● **TASK TO CARRY OUT**
Lines from the entries below that hold "Blue" form the answer; copy all of them.

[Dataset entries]

◆ ◆ ◆

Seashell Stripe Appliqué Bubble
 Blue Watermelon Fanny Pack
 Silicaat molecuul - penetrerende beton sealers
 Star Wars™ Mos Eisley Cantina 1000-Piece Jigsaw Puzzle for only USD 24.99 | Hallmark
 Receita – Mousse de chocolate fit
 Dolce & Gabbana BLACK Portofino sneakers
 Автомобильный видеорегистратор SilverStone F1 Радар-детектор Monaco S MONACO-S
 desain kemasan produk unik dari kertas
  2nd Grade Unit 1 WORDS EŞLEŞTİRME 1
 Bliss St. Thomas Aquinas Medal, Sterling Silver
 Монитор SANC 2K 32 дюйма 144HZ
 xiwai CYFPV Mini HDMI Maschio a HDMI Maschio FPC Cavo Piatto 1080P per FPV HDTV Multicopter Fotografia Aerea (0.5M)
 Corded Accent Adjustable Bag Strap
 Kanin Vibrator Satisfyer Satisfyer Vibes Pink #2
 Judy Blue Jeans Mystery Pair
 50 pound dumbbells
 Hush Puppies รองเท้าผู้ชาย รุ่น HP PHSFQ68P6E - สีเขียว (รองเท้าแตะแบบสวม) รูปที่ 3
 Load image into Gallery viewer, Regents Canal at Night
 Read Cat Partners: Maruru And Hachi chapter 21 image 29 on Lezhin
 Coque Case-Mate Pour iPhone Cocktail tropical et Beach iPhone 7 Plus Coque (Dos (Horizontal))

◆ ◆ ◆

● **ANSWER FOR THIS EXERCISE**
 Blue Watermelon Fanny Pack
 Judy Blue Jeans Mystery Pair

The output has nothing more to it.